[Excerpts from a dataset]
>>>>>

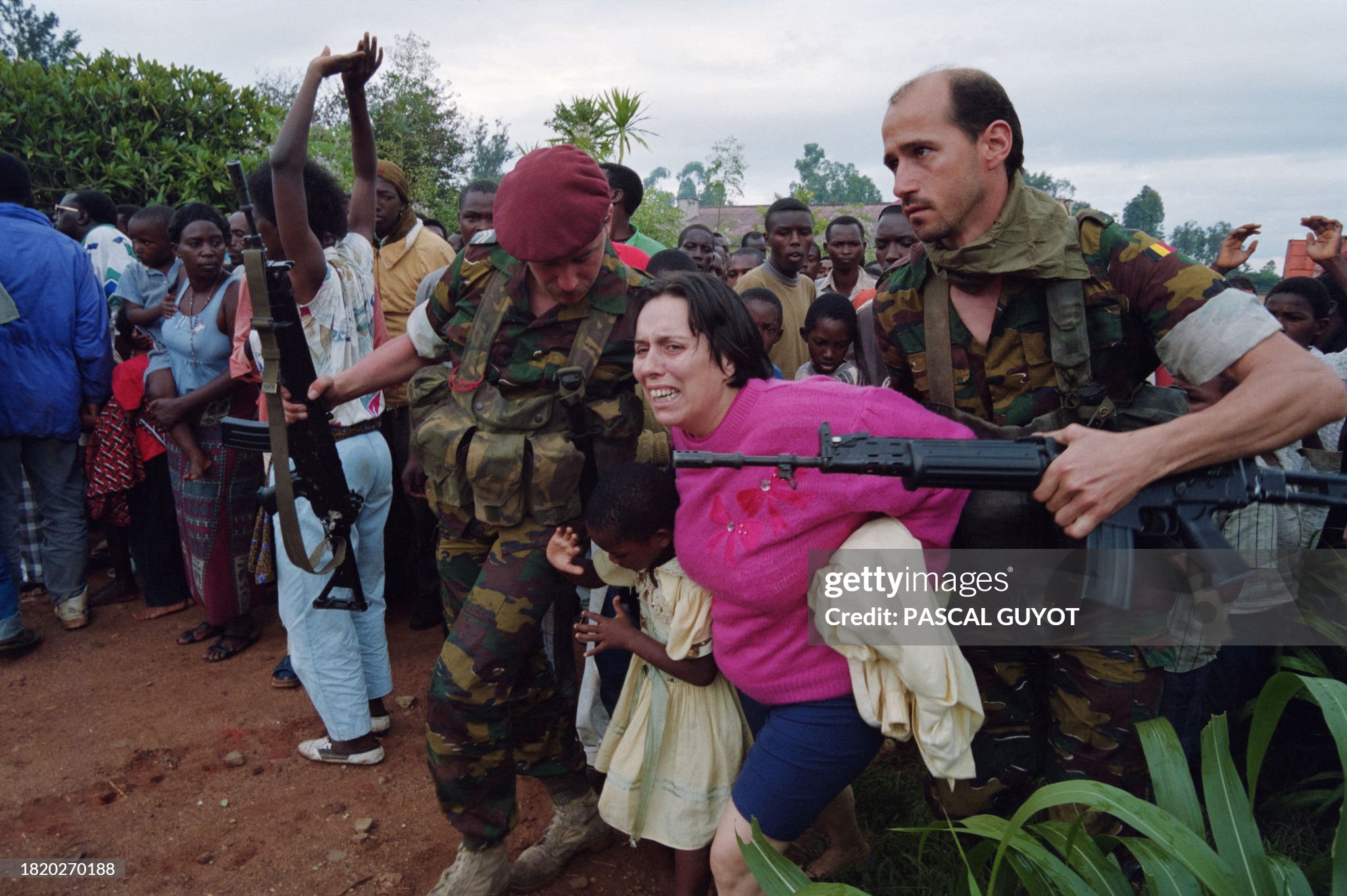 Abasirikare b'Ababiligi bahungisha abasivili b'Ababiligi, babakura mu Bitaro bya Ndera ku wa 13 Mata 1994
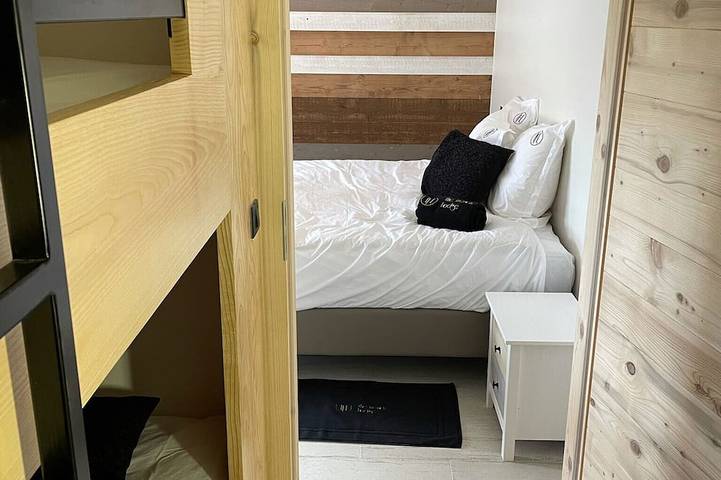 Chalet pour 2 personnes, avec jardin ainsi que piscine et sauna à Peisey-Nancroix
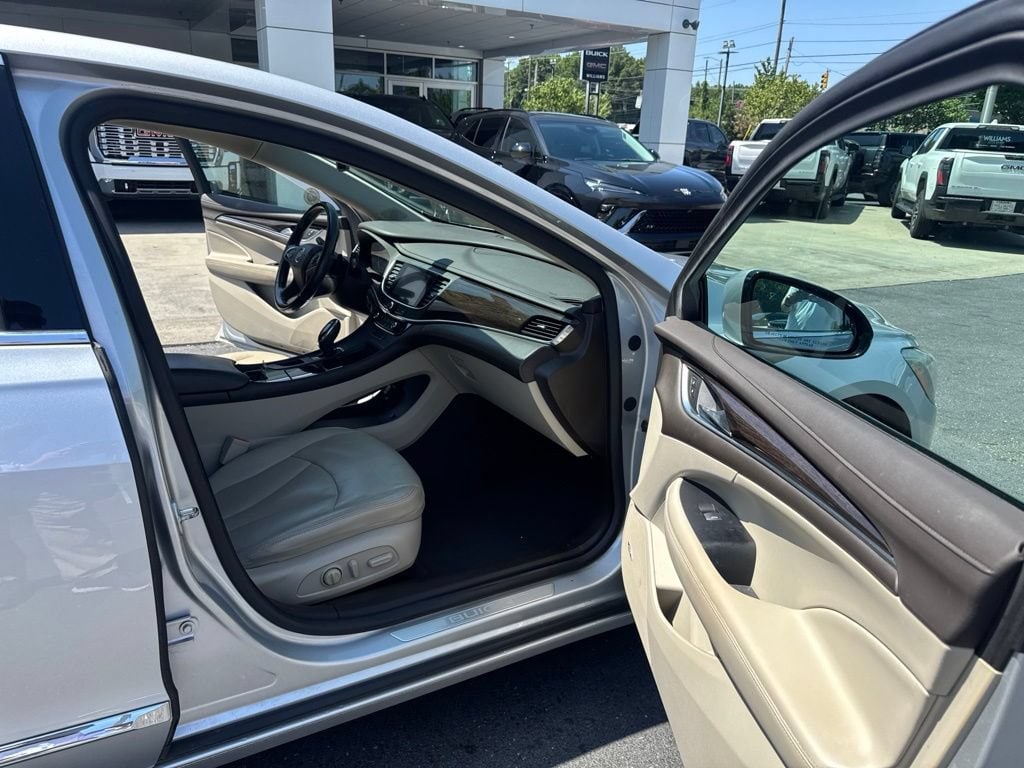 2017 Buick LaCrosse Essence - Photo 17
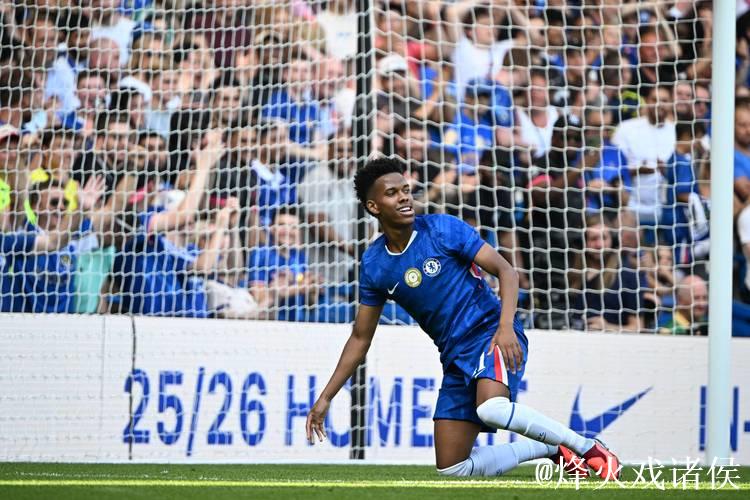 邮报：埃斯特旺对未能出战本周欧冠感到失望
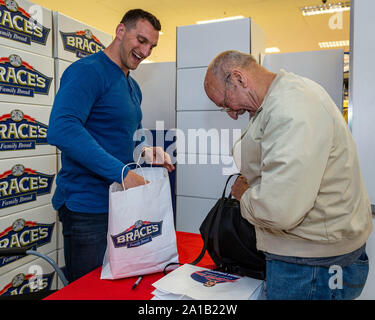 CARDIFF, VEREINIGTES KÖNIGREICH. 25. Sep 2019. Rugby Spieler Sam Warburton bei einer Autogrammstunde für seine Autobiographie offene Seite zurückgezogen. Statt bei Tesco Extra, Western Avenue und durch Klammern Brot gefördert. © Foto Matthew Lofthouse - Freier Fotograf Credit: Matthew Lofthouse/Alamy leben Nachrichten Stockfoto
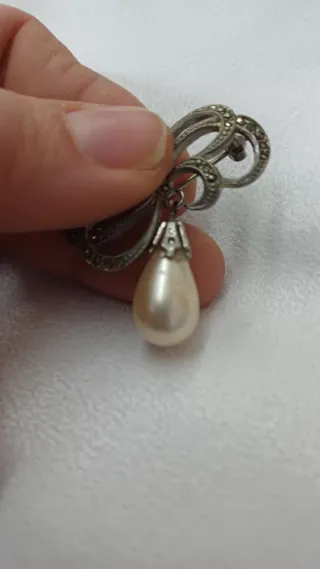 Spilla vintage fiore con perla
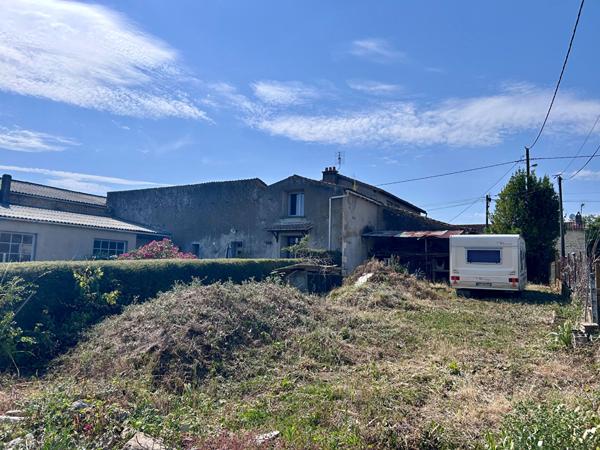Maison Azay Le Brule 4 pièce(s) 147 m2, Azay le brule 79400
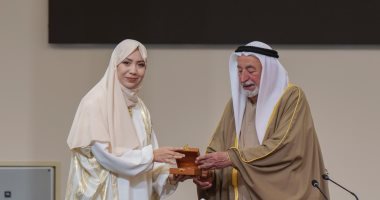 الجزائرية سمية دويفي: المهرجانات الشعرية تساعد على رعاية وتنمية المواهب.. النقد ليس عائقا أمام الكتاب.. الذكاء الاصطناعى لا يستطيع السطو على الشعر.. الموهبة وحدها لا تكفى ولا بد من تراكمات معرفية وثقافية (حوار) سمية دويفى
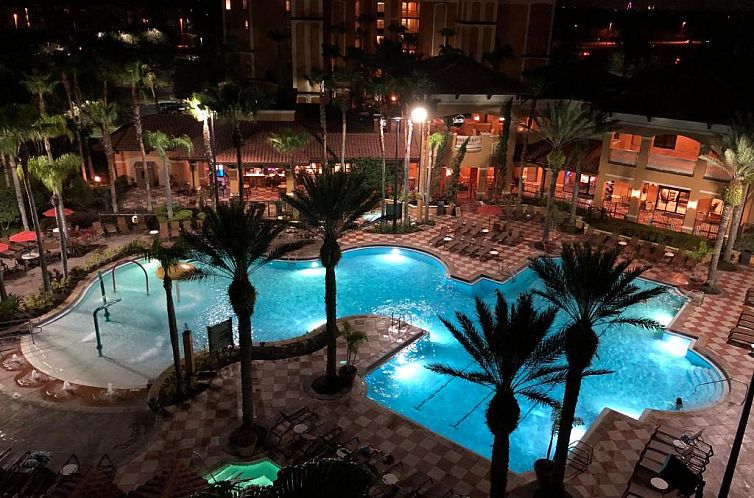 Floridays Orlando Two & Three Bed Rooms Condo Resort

<<<<<
>>>>>

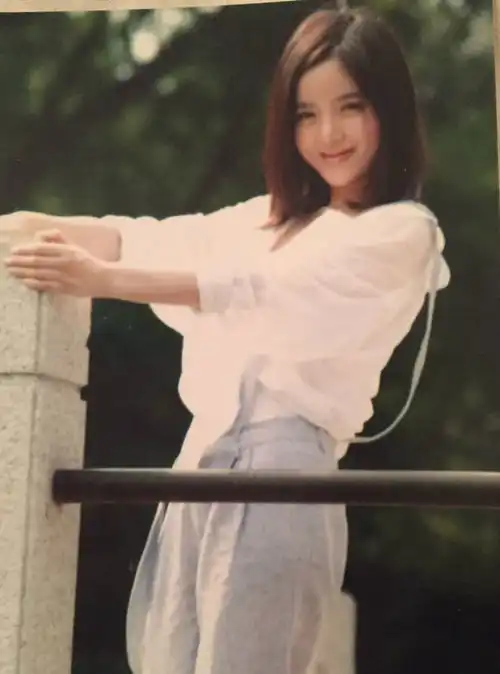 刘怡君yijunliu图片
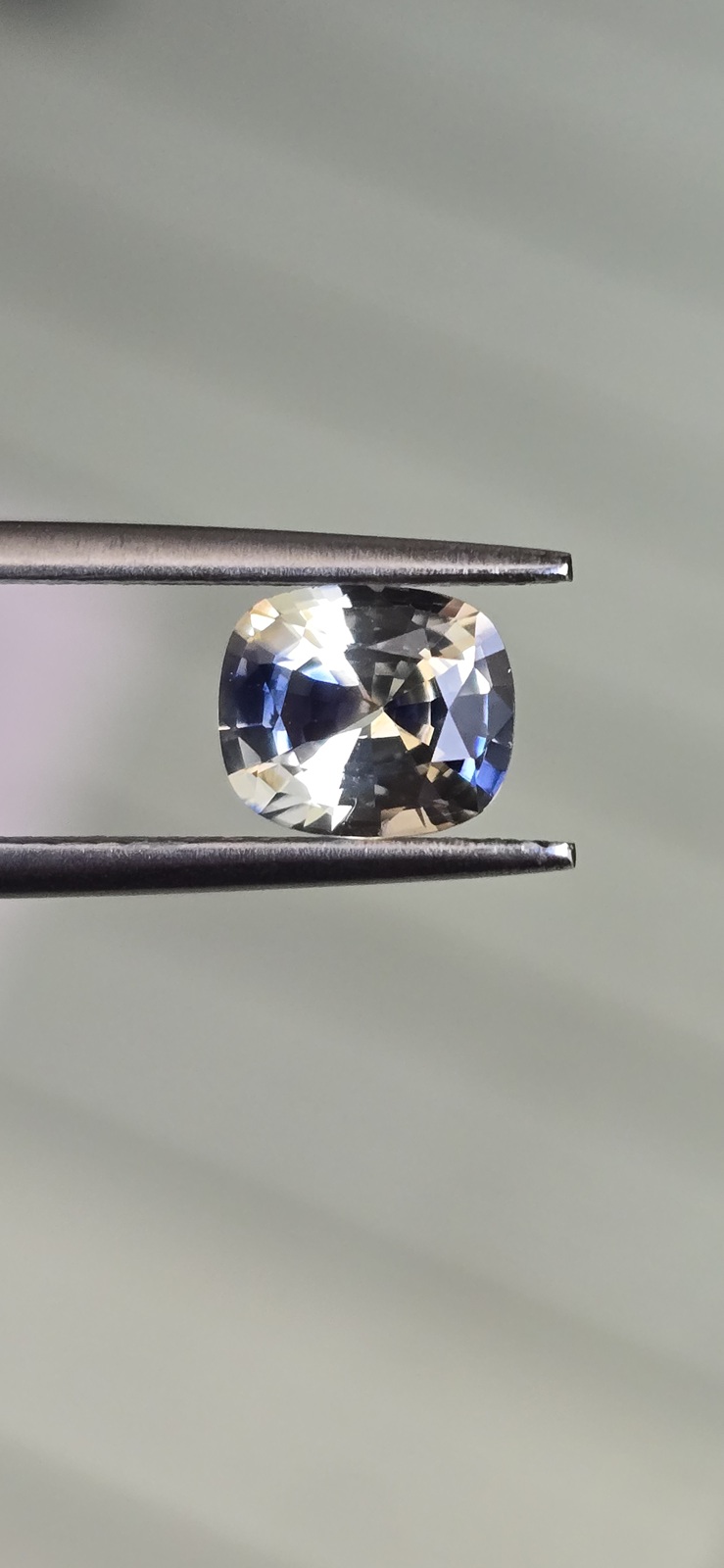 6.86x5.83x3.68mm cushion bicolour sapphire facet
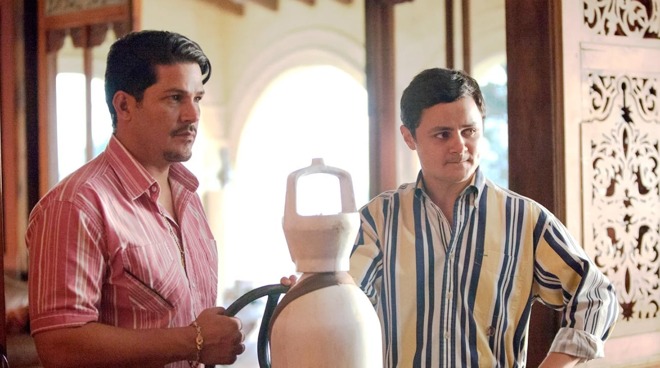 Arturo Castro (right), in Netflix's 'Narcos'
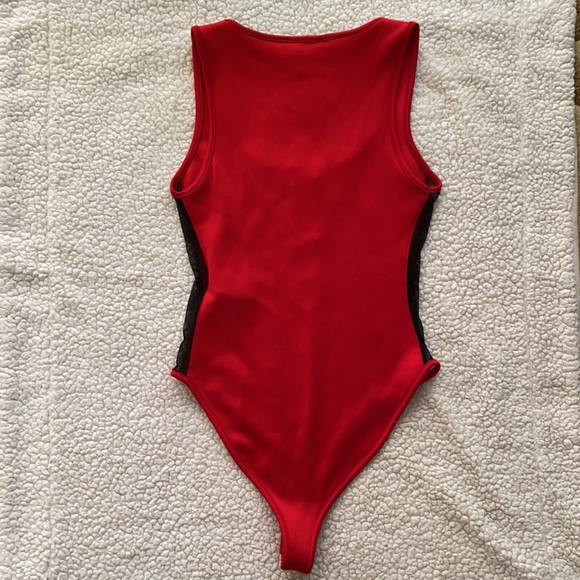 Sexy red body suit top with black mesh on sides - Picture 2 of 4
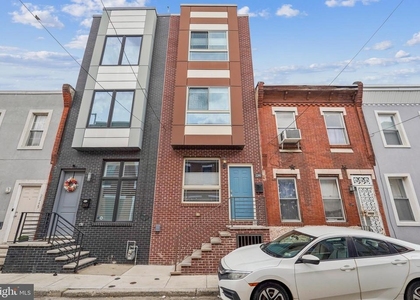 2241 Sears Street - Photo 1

<<<<<

# Exercise brief
Both the line containing "Maison Azay Le" and the line containing "Floridays Orlando Two" above belong in the output, as do the lines between them. Print them exactly, without pictures.

# Result of this task
Maison Azay Le Brule 4 pièce(s) 147 m2, Azay le brule 79400
 الجزائرية سمية دويفي: المهرجانات الشعرية تساعد على رعاية وتنمية المواهب.. النقد ليس عائقا أمام الكتاب.. الذكاء الاصطناعى لا يستطيع السطو على الشعر.. الموهبة وحدها لا تكفى ولا بد من تراكمات معرفية وثقافية (حوار) سمية دويفى
 Floridays Orlando Two & Three Bed Rooms Condo Resort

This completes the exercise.